New FCPA Head Patrick Stokes: Expect Continued FCPA Emphasis

March 28, 2014

During a presentation at the American Bar Association (ABA) White Collar Crime Institute in Miami, new Foreign Corrupt Practices Act (FCPA) unit Deputy Chief Patrick Stokes told attendees that FCPA enforcement will remain a point of emphasis in 2014.  The U.S. Department of Justice (DOJ) currently has between 20 and 25 prosecutors dedicated to FCPA enforcement, but is also increasingly looking to local U.S. Attorneys’ offices for support investigating and prosecuting these cases.
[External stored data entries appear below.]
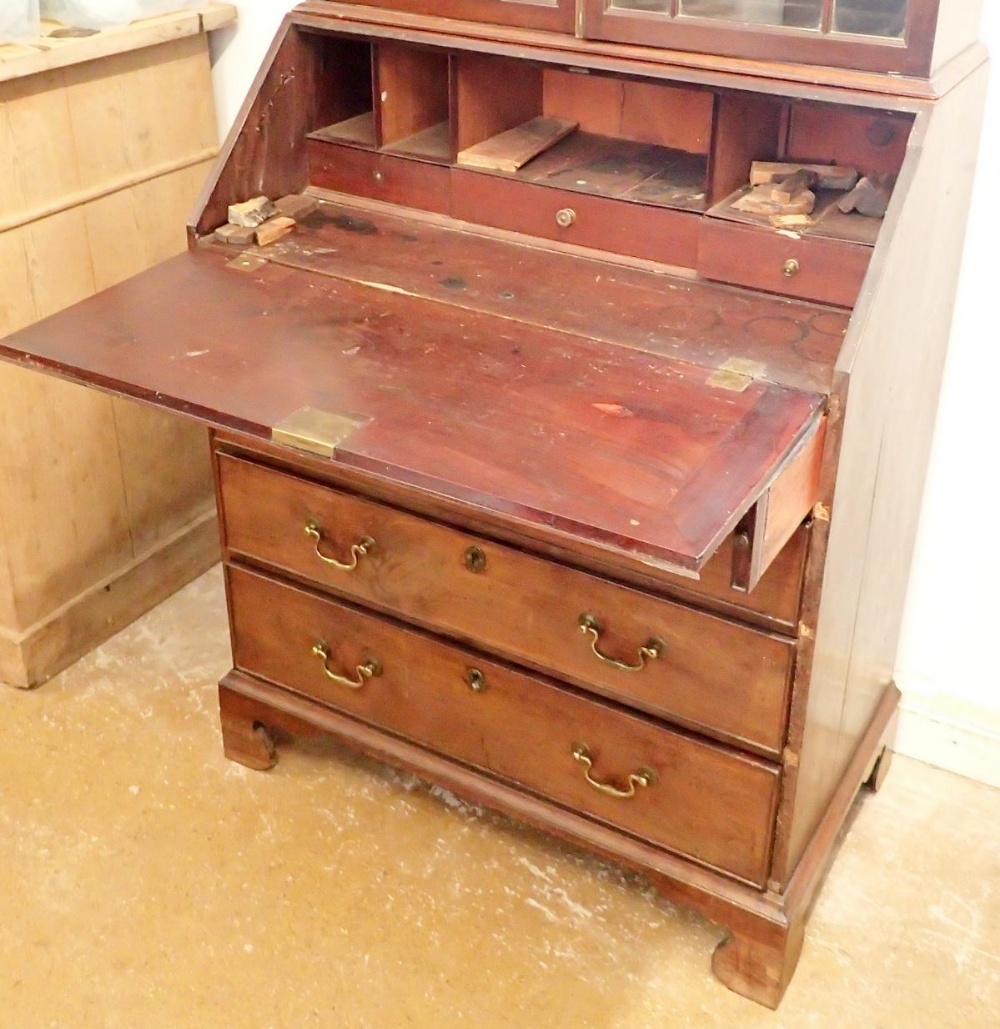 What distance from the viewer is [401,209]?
1.83 m

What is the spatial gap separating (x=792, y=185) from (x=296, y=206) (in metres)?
0.74

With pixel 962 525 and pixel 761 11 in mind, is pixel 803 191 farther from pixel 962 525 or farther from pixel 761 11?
pixel 962 525

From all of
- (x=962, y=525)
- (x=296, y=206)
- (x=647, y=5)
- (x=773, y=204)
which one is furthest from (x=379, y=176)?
(x=962, y=525)

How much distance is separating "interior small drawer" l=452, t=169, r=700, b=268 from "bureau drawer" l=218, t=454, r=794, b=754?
43 cm

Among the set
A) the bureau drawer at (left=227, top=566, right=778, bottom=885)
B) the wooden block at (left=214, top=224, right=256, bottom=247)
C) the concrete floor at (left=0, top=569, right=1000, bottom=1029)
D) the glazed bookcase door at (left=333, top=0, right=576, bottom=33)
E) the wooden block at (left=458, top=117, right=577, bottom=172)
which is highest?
the glazed bookcase door at (left=333, top=0, right=576, bottom=33)

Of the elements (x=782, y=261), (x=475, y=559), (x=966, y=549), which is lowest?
(x=966, y=549)

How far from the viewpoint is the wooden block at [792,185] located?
1.53 metres

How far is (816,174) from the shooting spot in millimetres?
1593

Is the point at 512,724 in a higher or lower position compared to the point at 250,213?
lower

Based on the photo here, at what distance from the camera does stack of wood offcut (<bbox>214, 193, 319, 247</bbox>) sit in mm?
1774

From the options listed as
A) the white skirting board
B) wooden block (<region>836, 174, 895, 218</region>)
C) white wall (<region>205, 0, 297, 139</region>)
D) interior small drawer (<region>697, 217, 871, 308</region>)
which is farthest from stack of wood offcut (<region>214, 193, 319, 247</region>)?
the white skirting board

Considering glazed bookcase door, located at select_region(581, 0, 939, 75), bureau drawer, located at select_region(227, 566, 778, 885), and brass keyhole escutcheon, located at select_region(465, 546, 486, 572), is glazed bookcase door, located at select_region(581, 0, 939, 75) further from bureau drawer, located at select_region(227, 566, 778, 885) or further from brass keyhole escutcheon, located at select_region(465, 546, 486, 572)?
bureau drawer, located at select_region(227, 566, 778, 885)

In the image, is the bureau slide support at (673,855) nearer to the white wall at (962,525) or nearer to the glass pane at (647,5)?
the white wall at (962,525)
Acknowledging that he had been in his new position for only about a month, and after making clear he was not speaking on behalf of the department, Stokes made the following key points about FCPA enforcement:

  • DOJ expects to speed-up FCPA investigations:  DOJ recognizes that resolution of cases is taking far too long.  DOJ hopes to quicken the pace of FCPA enforcement actions and shorten the lifespan of FCPA investigations.
  • Individual enforcement remains a DOJ priority:  With four trials already scheduled to go forward in 2014, the DOJ expects it will continue to charge high-level executives involved in bribery schemes.  The DOJ is of the view that such prosecutions have a strong deterrent effect.
  • DOJ recognizes that the language in their settlement agreements and press releases effectively forms current FCPA jurisprudence: As courts have yet to weigh in on key portions of the FCPA, companies and individuals must continue to rely on government settlements, opinions, and guidance.  DOJ appreciates that it largely shapes FCPA jurisprudence through its press releases and resolutions.  Accordingly, DOJ intends, consistent with privacy interests of parties, to provide information designed to give companies and counsel a better understanding of their rationale for jurisdiction, settlements, and declinations.  At the same time, the DOJ does not intend to issue additional FCPA enforcement guidelines beyond its 2012 guidance, A Resource Guide to the U.S. Foreign Corrupt Practices Act.
  • Continued industry-based investigations (just don’t call them sweeps!):  DOJ maintains that while it does not conduct “industry sweeps,” it does “follow the evidence” which often leads to investigations of several players in the same industry.  Moreover, much like in the antitrust space, the target of an investigation will frequently alert DOJ to competitor misconduct.
  • Sources of FCPA investigations vary: Potential FCPA cases come to the government a number of different ways, including but not limited to: voluntary disclosures, Dodd-Frank whistleblowers, target-specific whistleblowers, and the FCPA inbox. While not "flooded," the DOJ does receive a substantial number of tips and leads. Tips from relators are becoming far more detailed and sophisticated. DOJ pursues all credible allegations.
  • Federal Principles of Prosecution will continue to guide DOJ prosecutorial decisions:  The DOJ relies heavily on the nine factors identified in the Federal Principles of Prosecution when deciding to commence an investigation, charge an individual or company, or issue a declination.  However, as each of the factors weigh differently in various circumstances, there is no one-size-fits all approach to prosecutorial decisions.